The sales were duly disclosed in GSTR-1 and recorded in the books. The dispute arises only because tax paid earlier through DRC-03 was not again discharged through GSTR-3B to avoid duplication. If the assessee can establish through stock registers, inventory records, release orders, sales invoices and quantitative reconciliation that the goods sold were part of the very stock on which tax had already been paid during search, a second levy would amount to collection of tax twice on the same taxable value.
The Department's suggestion that the assessee should first seek refund of the DRC-03 payment and then pay tax again on sale is legally cumbersome and contrary to the settled principle that taxes already paid must be appropriately adjusted against the ultimate liability rather than collected twice. The real issue is therefore not whether tax is payable on sale, but whether credit/adjustment of the tax already deposited through DRC-03 must be granted.

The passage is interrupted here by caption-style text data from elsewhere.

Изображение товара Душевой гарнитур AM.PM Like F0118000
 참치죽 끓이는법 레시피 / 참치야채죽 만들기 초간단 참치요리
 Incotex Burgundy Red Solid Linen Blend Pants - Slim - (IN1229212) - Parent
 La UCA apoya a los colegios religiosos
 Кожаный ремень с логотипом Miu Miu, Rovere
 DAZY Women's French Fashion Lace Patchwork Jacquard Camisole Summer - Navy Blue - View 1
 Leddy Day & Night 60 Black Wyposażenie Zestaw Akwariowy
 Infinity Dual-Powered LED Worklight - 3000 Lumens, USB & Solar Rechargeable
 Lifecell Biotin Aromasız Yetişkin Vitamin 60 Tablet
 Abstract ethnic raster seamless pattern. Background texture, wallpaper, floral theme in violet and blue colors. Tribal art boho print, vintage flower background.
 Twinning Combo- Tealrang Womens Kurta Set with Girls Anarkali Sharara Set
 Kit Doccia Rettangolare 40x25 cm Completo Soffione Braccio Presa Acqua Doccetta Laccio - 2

The Department may, however, contend that GST paid during search was on "excess/undisclosed stock" whereas GST on subsequent sale arises from a distinct taxable event, namely supply under Section 9 of the CGST Act. Therefore, the burden lies on the assessee to prove the identity and nexus of the goods. Since the inventory consists of books (finished goods) and not fungible raw materials consumed in manufacture, this burden is comparatively easier to discharge through title-wise stock records, warehouse registers, release memos and invoice-wise movement statements.
Reliance may be placed on the constitutional principle against unauthorized double collection under Article 265 and on the broader ratio of decisions such as Mafatlal Industries Ltd. v. Union of India - 1996 (12) TMI 50 - SUPREME COURT, CCE v. Narmada Chematur Pharmaceuticals Ltd. and CIT v. Excel Industries Ltd., which recognize that the Revenue cannot retain taxes beyond what is lawfully due.